France and Germany are in favour of increasing taxation of multinational tech companies
The French finance minister Bruno Le Maire said he wanted to push for new EU rules on taxing digital companies by 2019.
In Germany, the CDU/CSU and SPD who have just signed a coalition agreement (pending approval by SPD members) also indicated that they wanted to fight multinational tax avoidance and reform the European corporate tax system.
According to Reuters, Le Maire said: “It’s not possible, not sustainable, that we tax manufacturing industries while billions in profits earned by GAFAs on European soil evaporate.”

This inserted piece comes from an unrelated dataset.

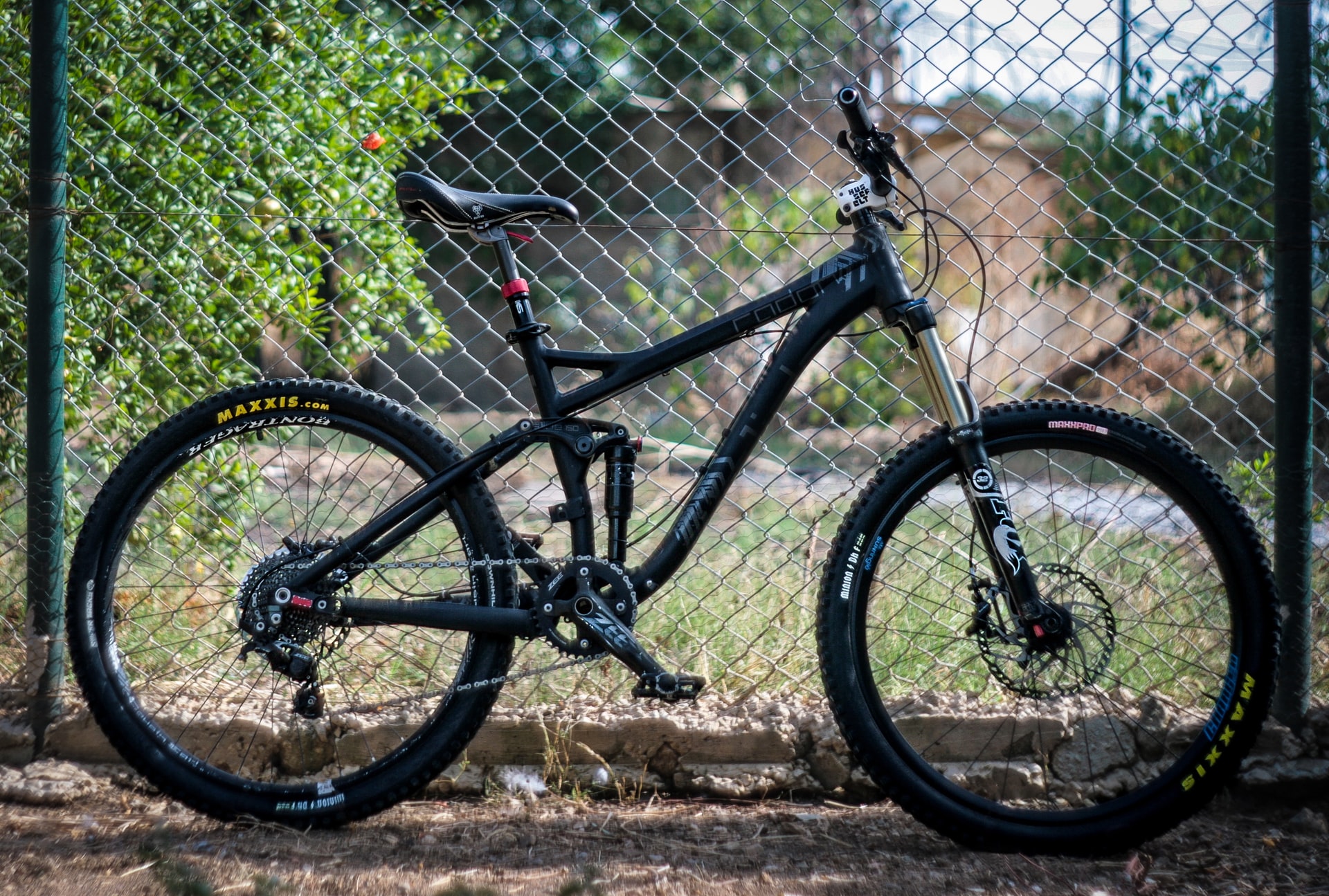 Rodzaje i budowa amortyzatorów rowerowych CentrumRowerowe.pl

US digital companies, such as Google, Amazon and Apple, set up complex intra-group arrangements to pay low single-digit tax rates on profits derived from European customers.
The French president, Emmanuel Macron, has proposed taxing revenues instead of profits to avoid companies shifting profits from where they are earned to lower tax jurisdictions, such as Luxembourg.
Reuters reported that:
“The EU is mulling new tax rules on digital companies which may include a tax on their turnover, a levy on online ads or a withholding tax on payments to internet firms.”
In Germany, the parties they supported “a common, consolidated tax base and minimum rates of business taxation.”
This would distribute companies’ European profits to countries proportionate to where their customers and operations were located, rather than allowing them to channel the profits into lower tax jurisdictions.